Imagination Science invites that gaze. It illuminates the patterns hidden between human behaviour and cultural meaning, between data and desire. It takes us beyond what people say to what they feel, uncovering the subtle codes and contradictions that shape decisions long before algorithms detect them. Through this lens, insight becomes expansive rather than reductive – fuel for originality, not justification for the expected.
With this understanding, brands step into possibility. They move from reacting to shaping the worlds they wish to inhabit. Worlds where strategy responds to cultural nuance, innovation is grounded in truth rather than trend, and ideas dare to be different.

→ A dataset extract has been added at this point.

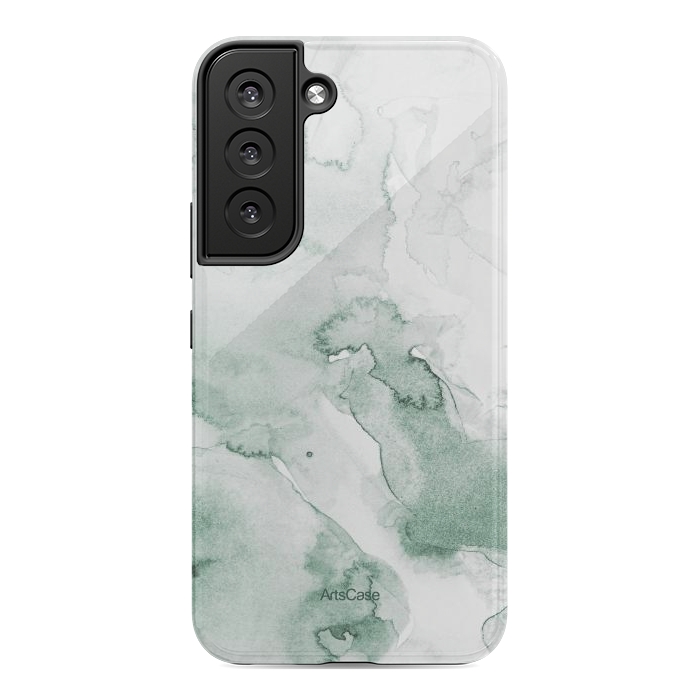 Galaxy S22 StrongFit Green Cheescake by ArtsCase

Imagination Science is not just a way to interpret the present, but a way to envision futures powerful enough to resonate, endure, and cut through.
This reimagining of possibility lies at the heart of 8th-day, the London-based brand strategy and innovation consultancy founded by Chloe Williams, one of the voices on the “Hidden Women, Visible Impact” panel at Packaging Innovations & Empack 2026. For decades, packaging and product development have often revolved unconsciously around a “default male” consumer. Now, as more women enter design, product development, and leadership roles, previously overlooked perspectives are reshaping the landscape.
As Chloe Williams explains, “When women are at the table, we start asking questions that might never have been considered. It’s about noticing the little things that affect how a product feels, works, and connects with its user.” These voices spot subtle pain points and embed inclusivity in ways that fundamentally shift how products are conceived and experienced. “Design isn’t just about aesthetics; it’s about empathy,” Chloe continues. “When we put ourselves in the shoes of everyone who might touch or use a product, the outcomes are richer, more thoughtful, and more human.”
Reading the signals
The future does not arrive fully formed; it seeps in through changing routines, shifting demographics, unexpected behaviours, and tiny signals that most people overlook. For Chloe, anticipating what consumers will want over the next decade is part foresight, part anthropology, and part cultural translation.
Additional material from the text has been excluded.